I’m here today in defense of a wet January. I know, I know: we’re coming off the annual holiday opulence. We’ve dined and drank our way through the darkest days of the year, and we’re craving balance. There’s a multi-billion dollar industry at work telling us the new year marks a time for change; this year, you will suddenly be different. But let me remind you: you do not have to walk on your knees for a hundred miles through the desert repenting. I’m starting to believe the soulless nature of January is arbitrary, propelled by our guilty human consciences desperate to atone for something we never did wrong in the first place.
I wonder how the new year would look if we didn’t feel the need to make up for December’s joy by stealing it from January. What if we still have dinner parties and open bottles of sparkling wine? What if we continue to celebrate oyster season and meet up with friends for mollusks and Loire-grown Sauvignon Blanc? Or special bottles of Jura Chardonnay with whole crab and butter? Imagine the sheer joy of opening a cheeky bottle of red on a Wednesday evening just because the label is fun, or a singular bottle from Mallorca that makes us feel like we’re on vacation. I want to reserve a whole weekend to make pasta by hand, simmer away a ragu, and drink Nebbiolo from its ancestral home in northern Italy. I write these words, and I start to think it’s possible: January can be wonderful.
While the solstice has come and the light is creeping back in, we are still firmly in the dark days. It’s so important to find joy where we can. For me, that’s as easy as a bottle of wine with friends. I’m guessing that brings you joy, too, and I think this month’s wines are especially well-suited for the task.
Cheers,
Dylan
NV Bolet Cava Brut Nature: I’m not ready to tattoo it on my body, but I’m starting to believe that the best bang for your buck in the whole world of sparkling wine exists in Spain. What was formerly a sea of forgettable plonk has become more and more memorable over the last decade. It’s now easy to find organically grown cava from estate vineyards; up-and-coming winemakers making thoughtful, terroir-driven juice; and champenoise method sparklers that spend years en tirage for a fraction of the cost of contemporaries in other countries. When it comes to the sweet spot right between price and palate, well-made cava hits the mark.

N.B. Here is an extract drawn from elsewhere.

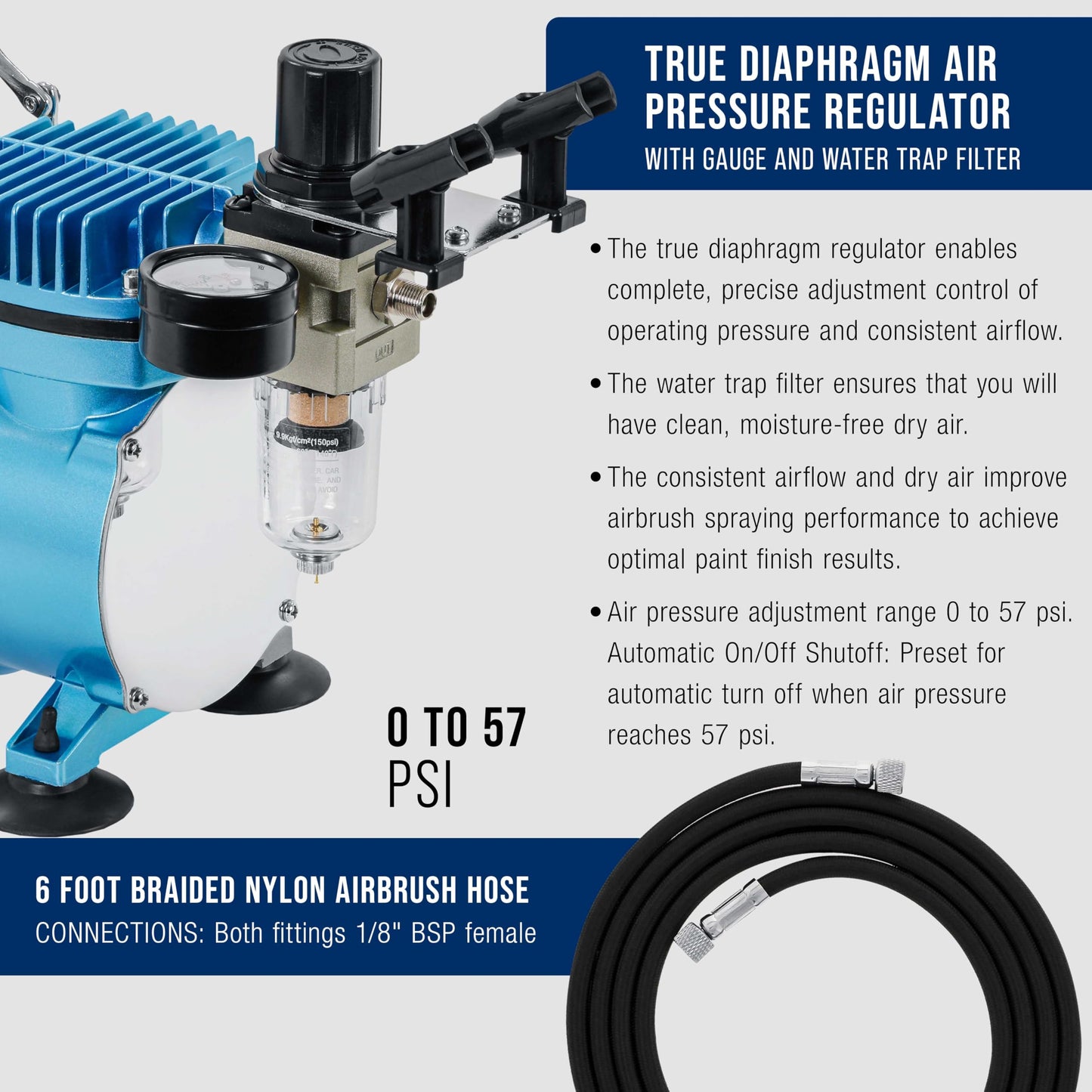 Master Airbrush Cool Runner II Air Brush Kit with Air Compressor Dual Fan, 3 Airbrushes, 6 Color Acrylic Paint Set, Hose, Brushes & Learning Guide Manual for Crafts, Auto, Tattoo & Model Painting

The Bolet family has been growing grapes for seven generations in Penedès, the center of cava production in Catalonia. At the beginning of the 20th century, Jaume Bolet Galofré replanted the entire estate as a response to phylloxera—a pest that decimates vineyards—and the family now organically tends to a total of 66 acres. This bottle is a blend of estate-grown Xarel-lo, Macabeo, and Parallada, the three signature cava grapes. It’s marked as brut nature, which means it’s ultra-dry. The whole thing is a dreamy trifecta of orchard fruit, brioche, and citrus. The palate pulses with acid and minerals, a parade of bright bubbles with a touch of elegance.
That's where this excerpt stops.